[[ RECORDED INFORMATION open ]]

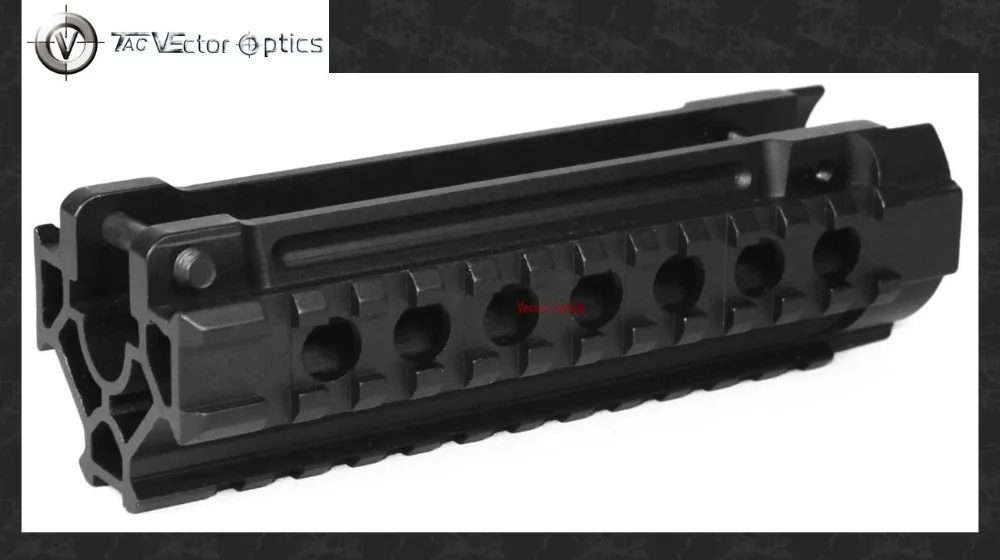 

Vector Optics Tactical MP5 H&K 3-Rails One-piece Handguard Picatinny Rail Mount System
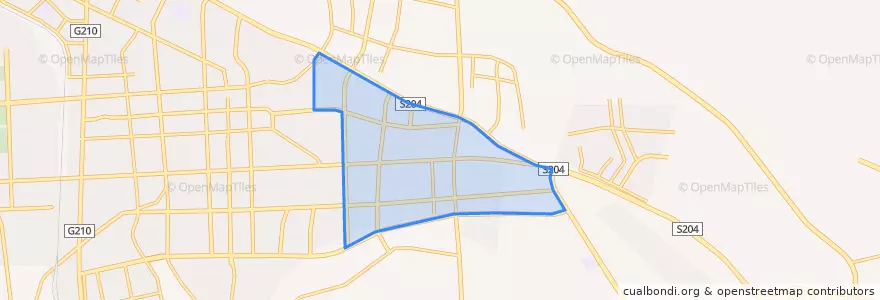 Mapa de ubicacion de 富兴街道办.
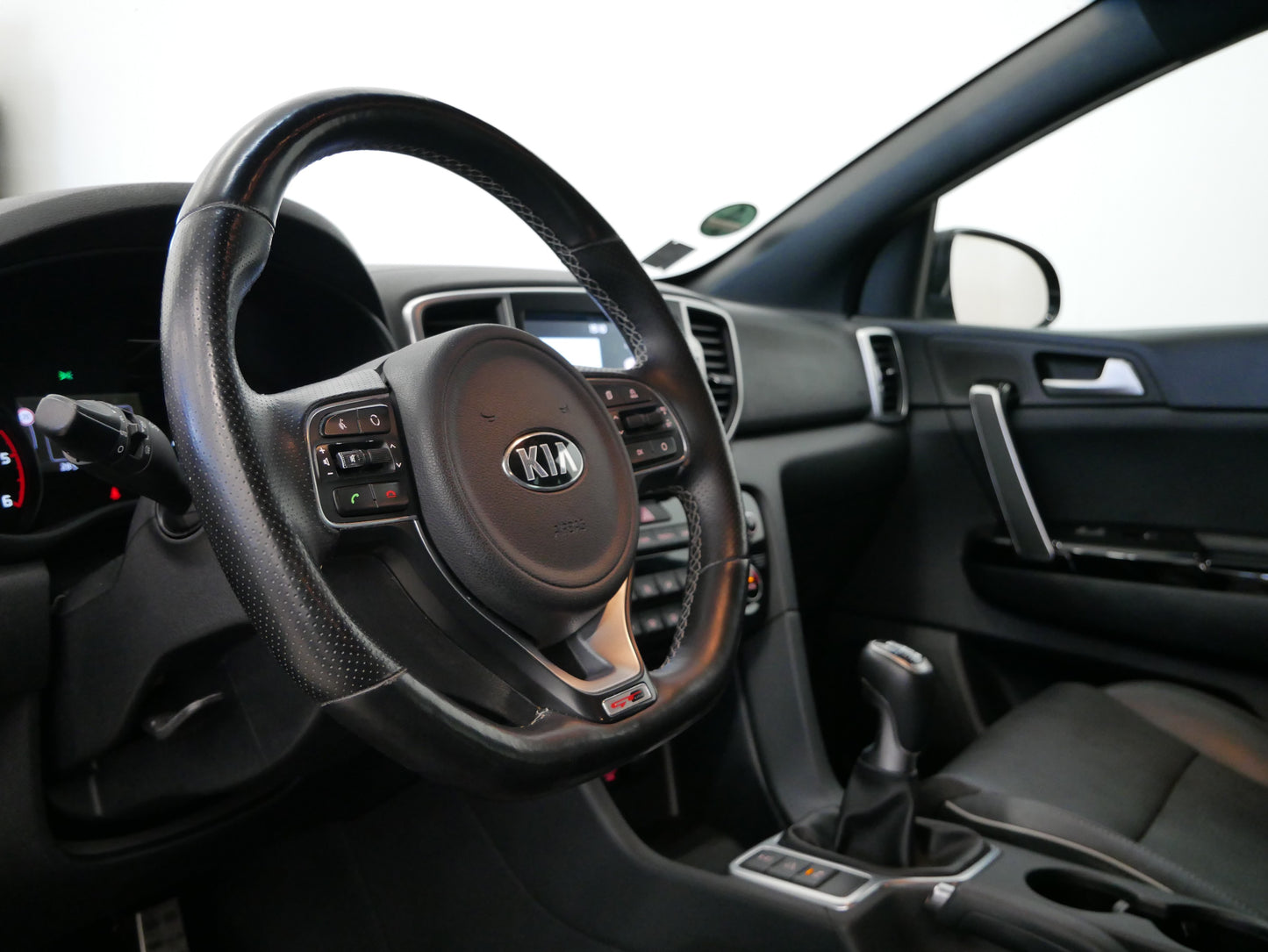 Kia Sportage 2.0 CRDi 136 kW 4x4 GT-line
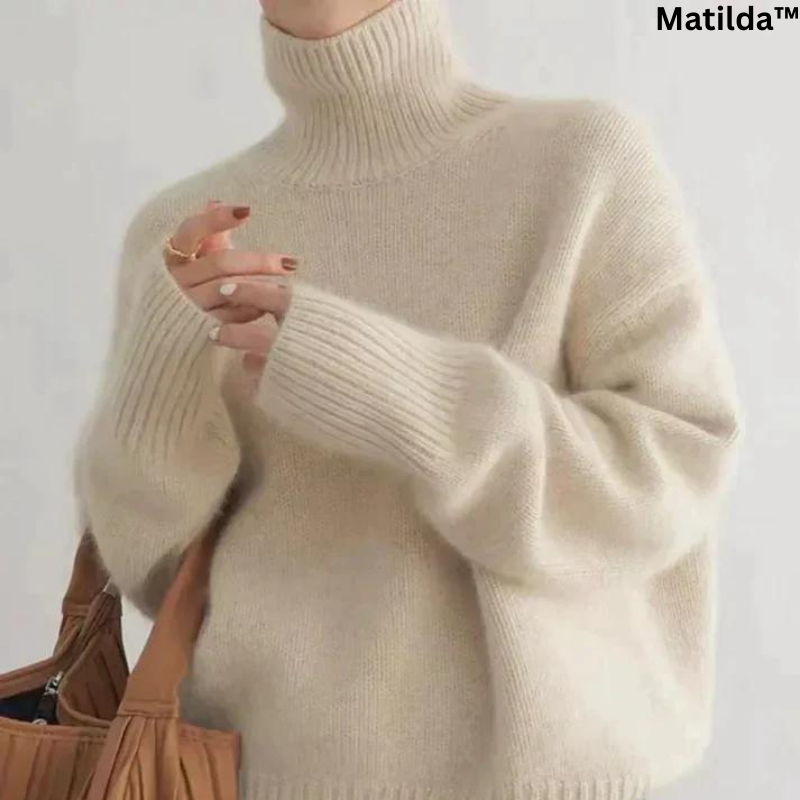 Matilda™ Zeitlos luxuriöser Wärme-Pullover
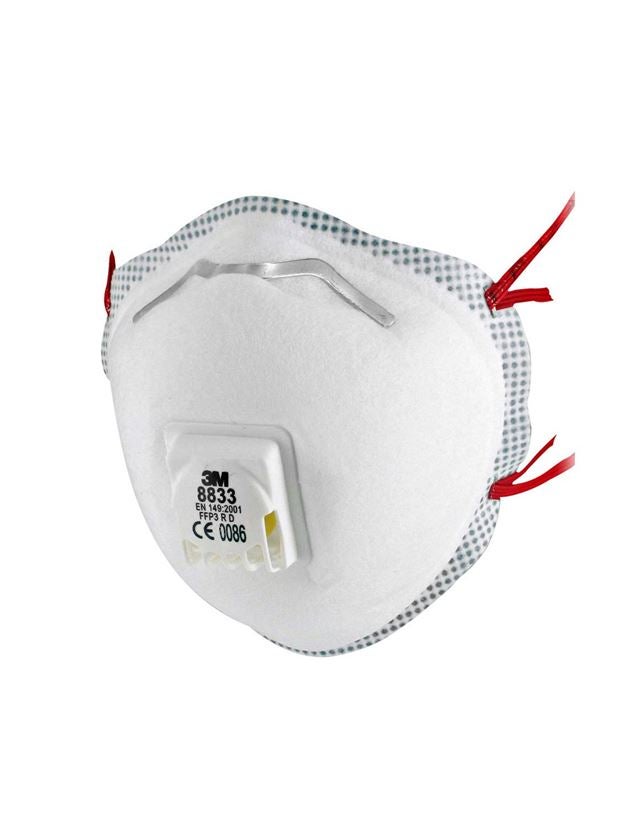 Strauss 3M Atemschutzmaske 8833, FFP3 R D, 10 Stk im Angebot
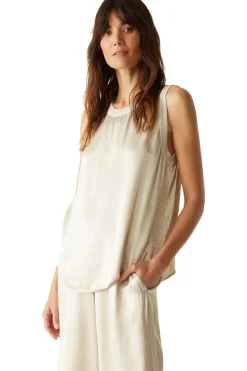 Michael Stars Shay Satin Tank
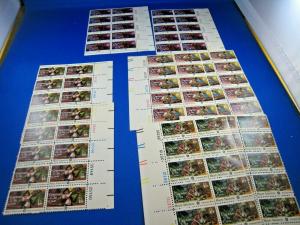 U.S. SCOTT # 1559-1562  -  PLATE BLOCKS of 10 -  LOT of 2 EACH     MNH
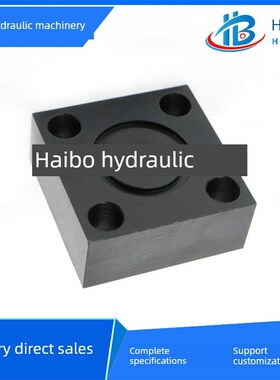 碳钢 国标JB/ZQ4489-97日标SHA 日标SSA液压管道用方形堵盖 堵板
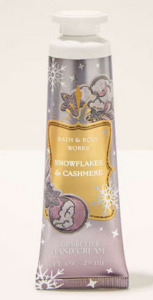Christmas In Stock 1: Snowflakes & Cashmere Hand Cream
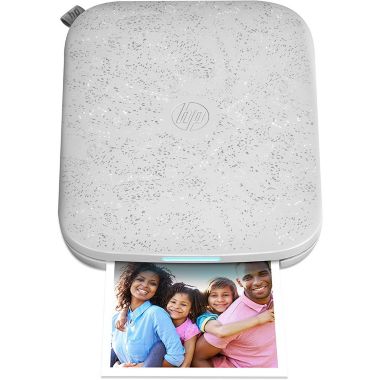 HP Sprocket 3x4 Instant Portable Mini Photo Printer, Wirelessly Print 3.5x4.25" Photos from iOS & Android Devices. View a larger version of this product image.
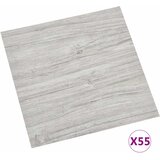 Podne daske 5,11 m² 55 pcs PVC Siva i drvo | Eponuda.ba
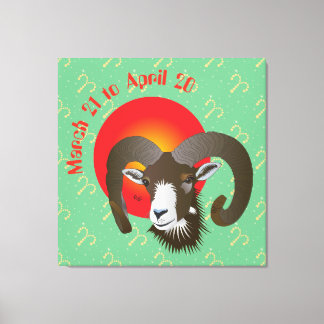 Aries March 21 to abril 20 Canvas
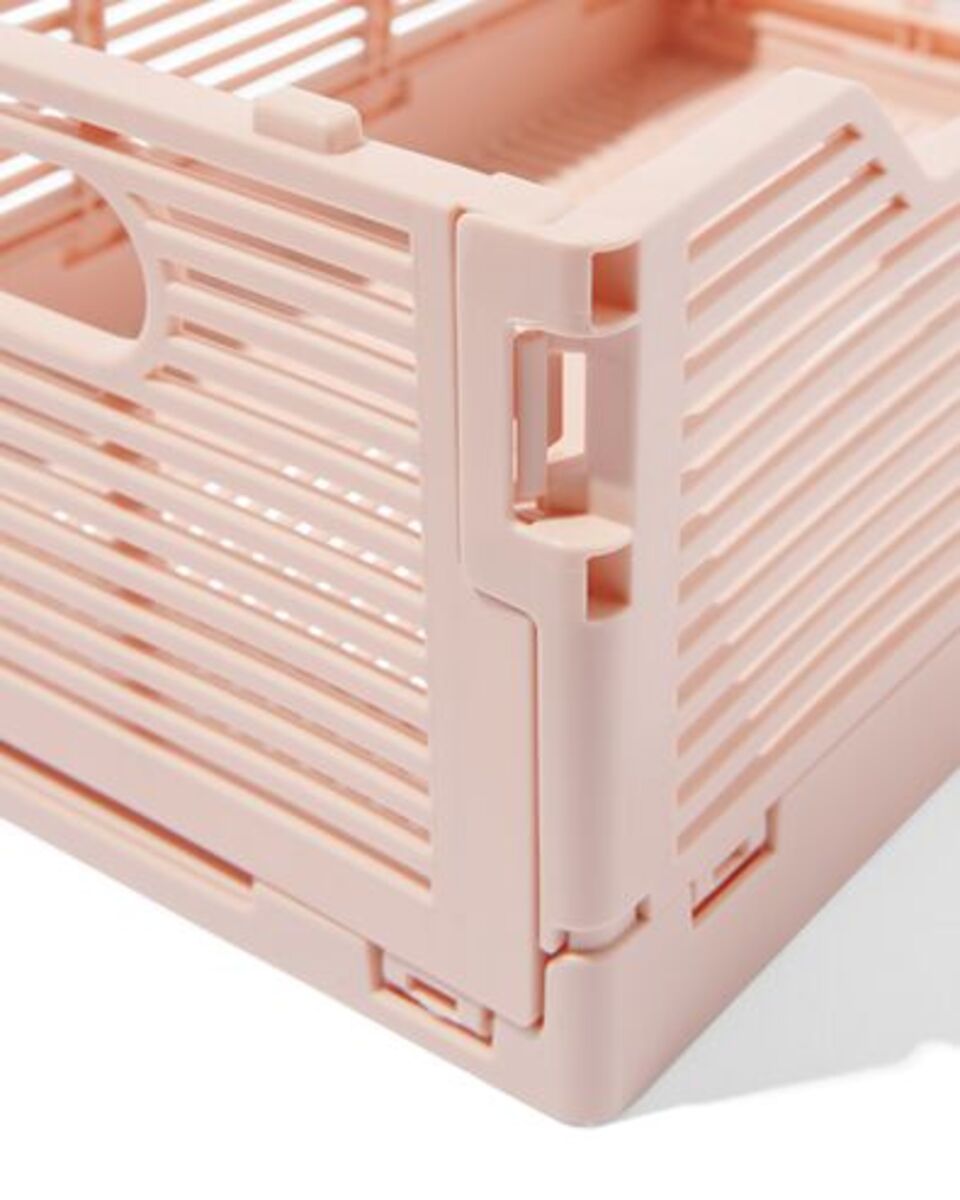 Bild 3 von Buchstabentafel-Klappkiste, recycelt hellrosa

[[ RECORDED INFORMATION closed ]]

**WHAT TO PRODUCE**
Exactly the lines from the one holding "Podne daske 5,11" through the last line of the entries, both included, are to be duplicated; leave the pictures out.

**RESPONSE**
 Podne daske 5,11 m² 55 pcs PVC Siva i drvo | Eponuda.ba
 Aries March 21 to abril 20 Canvas
 Bild 3 von Buchstabentafel-Klappkiste, recycelt hellrosa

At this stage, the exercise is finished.